Sebenarnya, situasi kritis ini perlahan memunculkan kesadaran akan lingkungan dari berbagai orang. Satu dari sekian di antaranya adalah Gunter Pauli dengan konsep Ekonomi Biru-nya. Upaya untuk memadu-padankan antara aktifitas ekonomi dan keseimbangan lingkungan agaknya menempuh jalan buntu pada konsep Green Economy.
Sebabnya, konsep Green Economy dianggap mahal dan tidak solutif untuk diterapkan. Aliran yang bertumpu pada pola pikir modernisasi ekologi yang berusaha membuat proses produksi menjadi ramah lingkungan lewat mesin-mesin teknologi yang canggih. Alhasil, kritikan datang pada output proses ini berupa produk “ecolabel” yang cenderung mahal.
Maka, gagasan ekonomi biru bertumpu pada semangat untuk mengurangi limbah dengan menjadikan limbah sebagai bahan baku pada proses produksi selanjutnya, bukan berakhir sebagai hal yang tak berguna. Ide ini sesungguhnya bercermin pada cara kerja alam yang tak pernah menghasilkan sisa pada setiap proses produksinya.

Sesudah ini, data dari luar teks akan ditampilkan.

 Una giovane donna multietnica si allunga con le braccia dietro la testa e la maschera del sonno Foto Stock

Ajakan untuk menjadikan alam sebagai bahan integral dari pembangunan berkelanjutan ini juga disampaikan dengan indah lewat pidato Presiden SBY pada Konvensi Pembangunan Berkelanjutan PBB di Brasil tahun 2012 yang mengangkat tema sangat melankolis ” The future that we want “
Pembunuh Sebenarnya
Berbagai konvensi dilewati, sekian perjanjian telah disetujui. Namun, ironi tetap tak berhenti. Laporan dari IPBES [The Intergovernmental Science-Policy Platform on Biodiversity and Ecosystem Services] menyampaikan hal yang menyayat hati. Dalam prediksi dari 150 orang ilmuwan yang menyadur sekitar 15.000 hasil kajian, mereka mengungkapkan bahwa satu juta jenis spesies baik di darat dan di laut terancam punah akibat kerusakan ekologi.

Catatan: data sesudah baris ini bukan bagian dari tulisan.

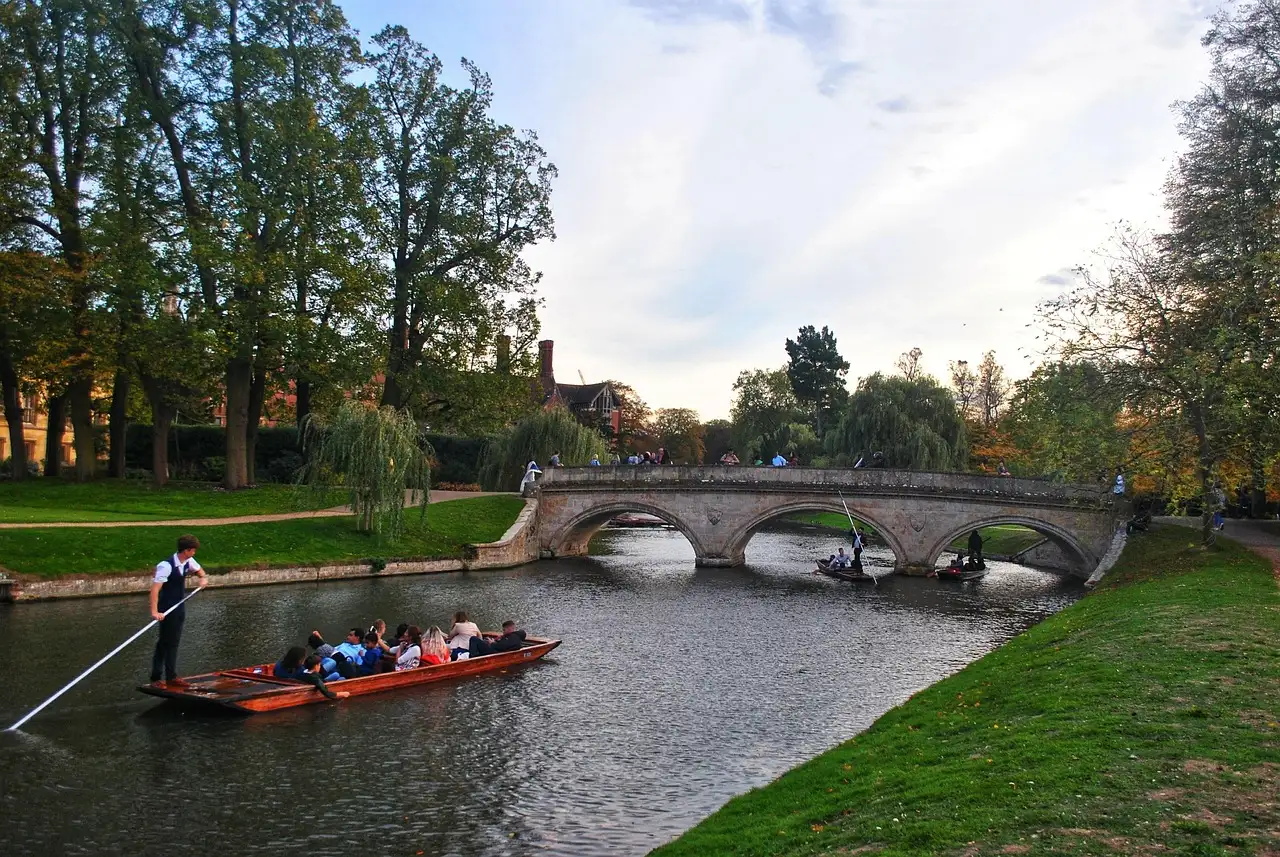 Punt being poled along the River Cam towards a stone bridge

Ketidakpedulian kita terhadap lingkungan agaknya mengganas dalam beberapa tahun terakhir. Selain sukses membunuh berbagai macam spesies, peningkatan produksi pangan manusia sebesar 300 % dalam 40 tahun terakhir juga telah mengorbankan hutan akibat perluasan budidaya pertanian dan perkebunan.

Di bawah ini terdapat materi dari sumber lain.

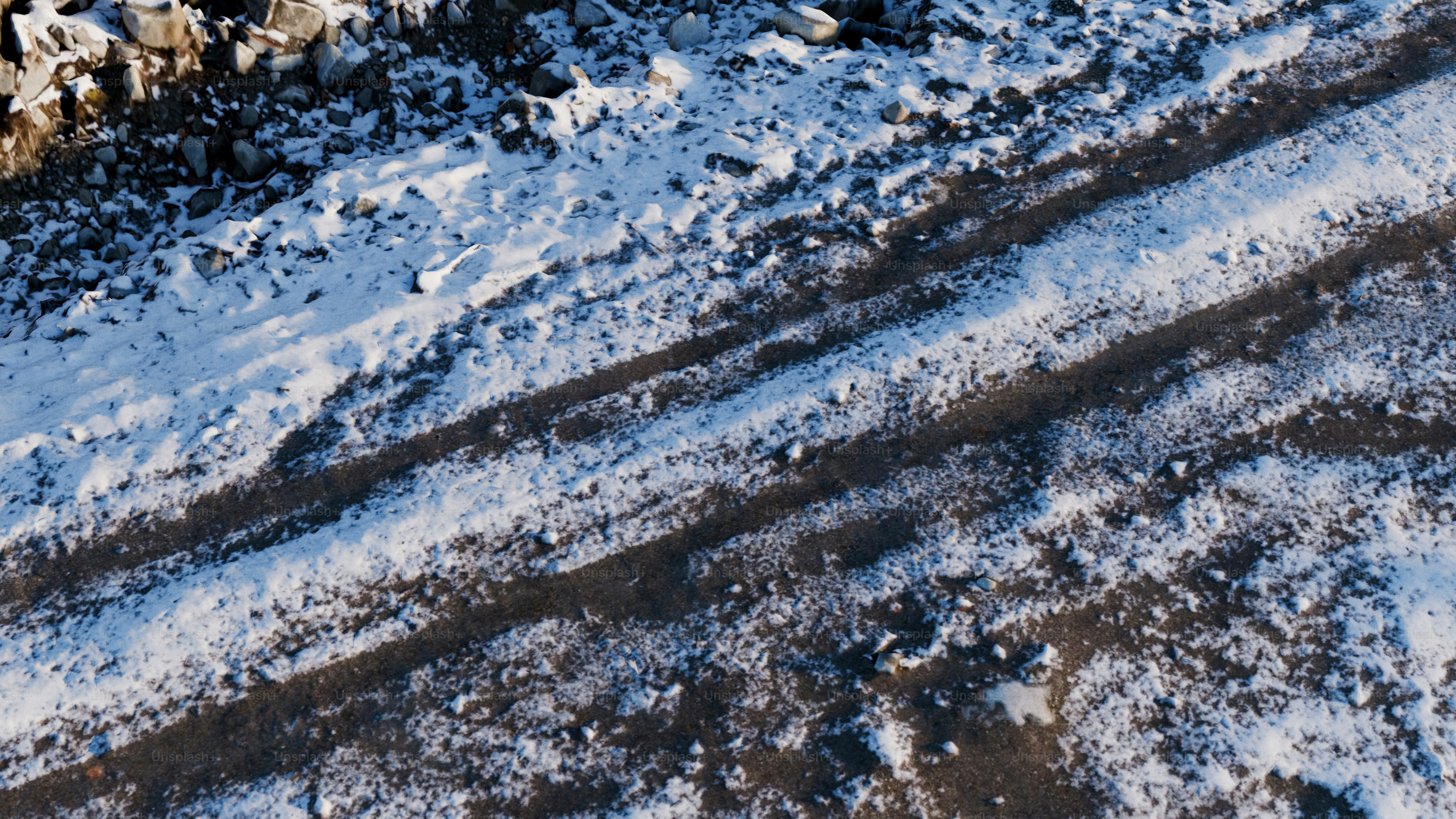 Trilhas nevadas em uma superfície escura e áspera.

Saya pun terpikir, jika virus corona sampai tulisan ini dibuat telah membunuh hampir 8.000 orang di 152 Negara, bagaimana dengan pembunuhan berencana yang dilakukan manusia pada alam dalam beberapa abad terakhir? Siapa kira-kira yang lebih kejam? Apalagi, pada akhirnya obat penangkal pada virus ini akan ditemukan, namun pembunuhan berkelanjutan manusia pada alam adalah sesuatu yang sulit dihentikan.
Padahal, kalimat hikmah dari negara Bhutan di pegunungan Himalaya sudah mengingatkan kita “jika pohon terakhir sudah ditebang, sungai terakhir dikosongkan dan ikan terakhir telah ditangkap, saat itulah manusia menyadari bahwa uang tak memberikan kehidupan”.
Maka, terinspirasi dari tulisan seorang aktifis Jaringan Intelektual Muda Muhammadiyah (JIMM), abang A.S. Rosyid, sebagaimana kita tak dapat mengembalikan setiap nyawa yang hilang akibat virus corona, manusia pun tak akan mampu memulihkan peradaban ekologis yang lenyap akibat dari aktifitas ekonomi yang sembarangan.
Jadi, virus corona mungkin menjadi pertanda yang nyata, bahwa Bumi mungkin butuh istirahat dari penatnya aktifitas manusia yang merusaknya. Misalnya saja, aktifitas bertransportasi yang menyumbang angka 70 % pada penyebab buruknya kualitas udara di Kota Jakarta yang mencapai level sangat tidak sehat.